Facility maintenance services are typically purchased in a reactive and decentralized manner at the local site level, resulting in a fragmented spend across many contractors. Given the cost drivers for these types of services, vendors are eager to negotiate larger volumes and will often provide significant discounts in order to secure more business with one customer. The advantage to suppliers is savings on overhead and marketing costs, higher employee productivity due to less drive time, and a more predictable demand schedule. Therefore, purchasing firms should look for opportunities to standardize and consolidate vendor relationships across all maintenance trades.
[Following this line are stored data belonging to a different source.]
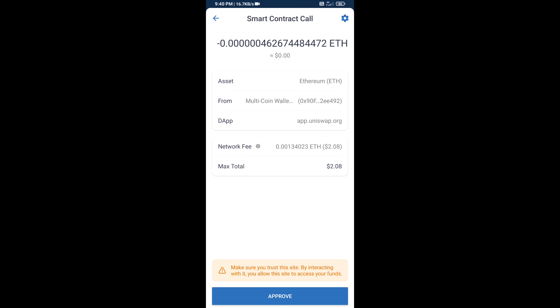So guys, I have only shared the technical process, not financial advice. Invest in cryptocurrency at your own risk. Thanks for watching.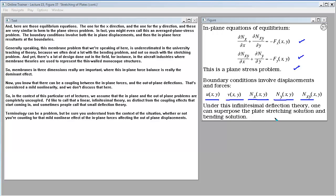There can be coupling between in-plane forces and out-of-plane deflections — a mild non-linearity — but we don't discuss that here. In this context we assume in-plane and out-of-plane problems are completely uncoupled, calling that a linear infinitesimal theory. Be sure you understand from the context whether or not you're accounting for that mild non-linear effect of in-plane forces affecting out-of-plane displacements.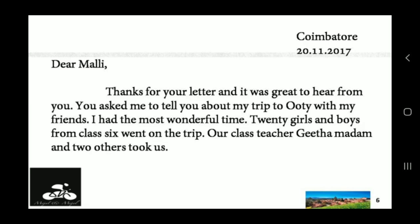20 girls and 20 boys from class 6 went on the trip to Ooty. Their class teacher Geeta Madam and two other teachers took them on the trip.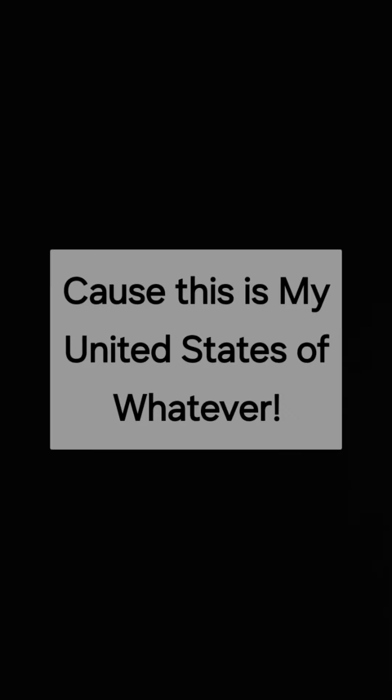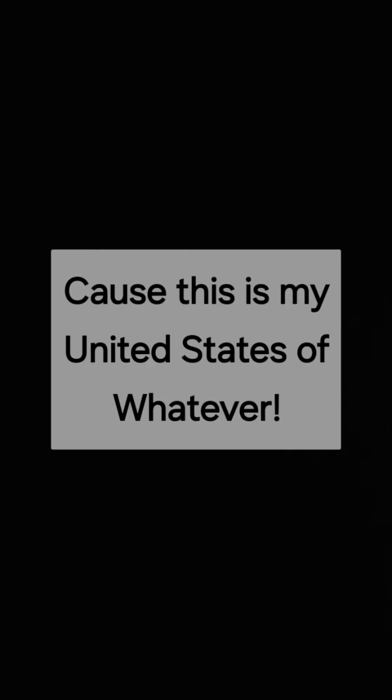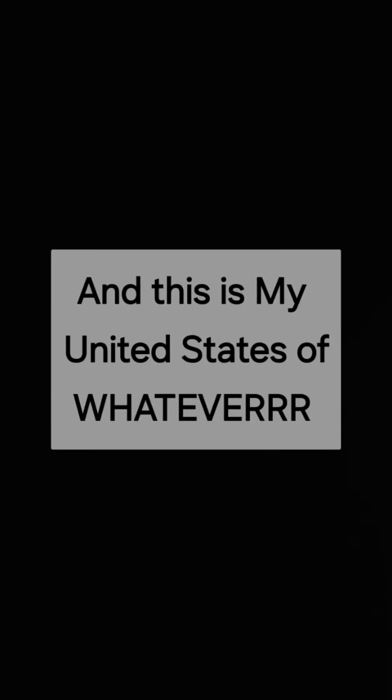If this is my United States of whatever!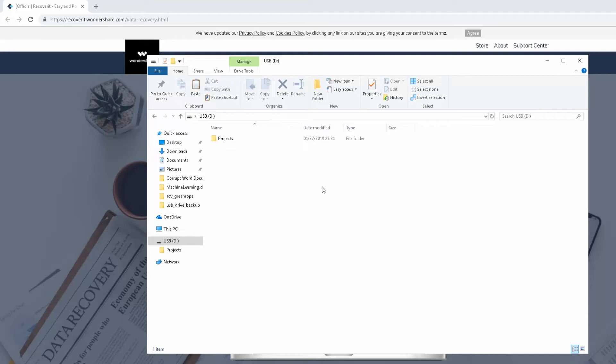Hey guys, it's Samuel here from How To FAQ and today I'm going to be showing you how you can recover deleted files from a USB stick.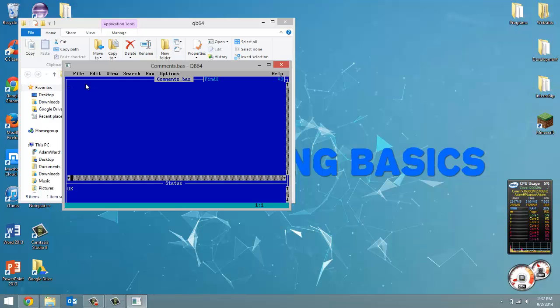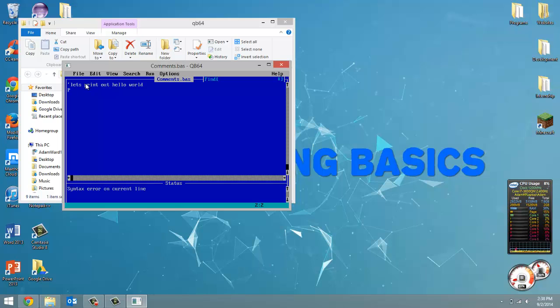And how do we do a comment? We just put an apostrophe and everything following that is ignored. So I'm going to do a comment that says let's print out hello world and then we'll do our print statement.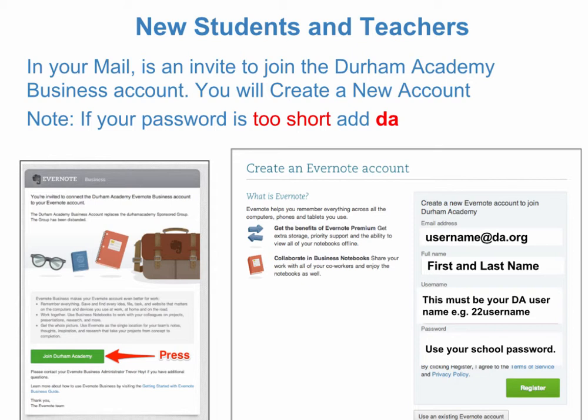New students and teachers: you will see in your mail app an invite to join the Durham Academy business account. You will create a new account. Please note, if your password is too short, add 'da' at the end. The invite is on the left, and that is what you should see.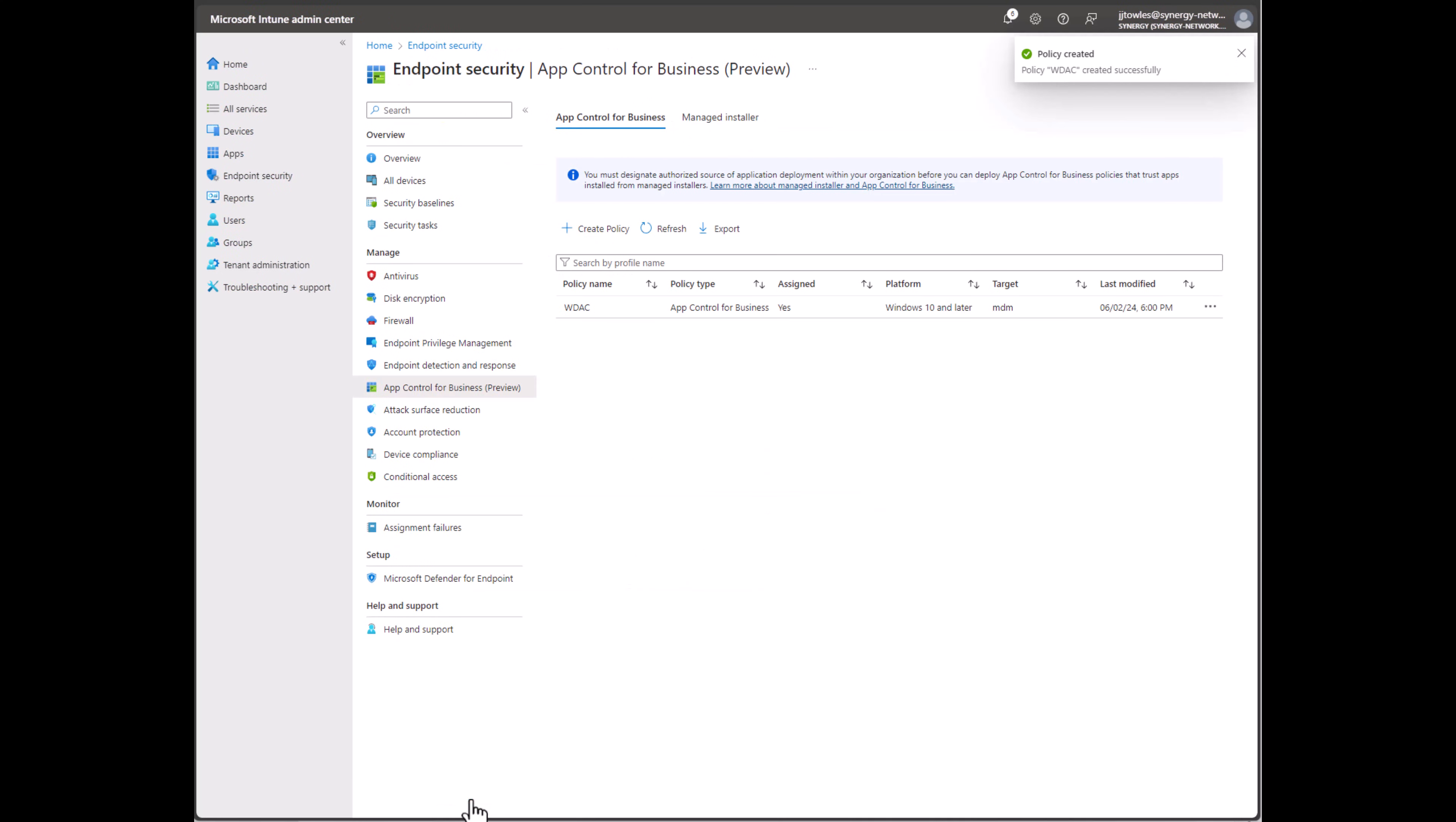And that's all you have to do - your App Control for Business baseline has been set up. You can feel free to go back in and create your supplemental policies as you want to refine and fine-tune things. But at least this will get you started in a good spot.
Manage the Entire Supply Chain

Similar to merchandise fulfillment practices, organizations with a large number of FM vendors servicing a large network of geographically dispersed facilities can benefit from taking a supply chain management approach — for example, a national retail chain that has multiple locations, all of which need a variety of maintenance services in order to keep the doors open and make the customer experience as pleasant as possible. For the reasons stated above, the process doesn’t stop with a sourcing initiative. To really drive the desired outcomes, organizations must plan and manage all activities involved in the sourcing, procurement, work order, and service logistics management. It also requires coordination and collaboration with channel partners including operations, corporate real estate, parts and materials suppliers, and maintenance contractors to ensure that services are provided at the right time, at the right price, and at standard.

Partner with a Facilities Management Specialist

Given the lack of strategic focus on building and grounds maintenance, organizations don’t typically invest significant resources into working jointly with their supplier. Working collaboratively with a facilities management firm, especially one that specializes in serving clients with geographically dispersed properties, can yield significant benefits. Buyers can leverage the buying power, subject matter expertise, and change management experience of FM specialists. Also, maintenance contractors are often eager to partner with FM firms that can provide access to larger and more consistent volumes of work for their company — which, in turn, leads to lower pricing for the FM specialist.

Conclusion

Given the proliferation of national and global companies and the commensurate growth in facility assets, facilities maintenance services represent a significant area of spend. It now presents a greater opportunity for potential savings than does the purchase of materials and components. Partnering with FM specialists, enterprise-level purchasing groups can access relevant subject matter expertise and supply chain resources necessary to implement and manage the available strategies designed to drive the desired outcomes.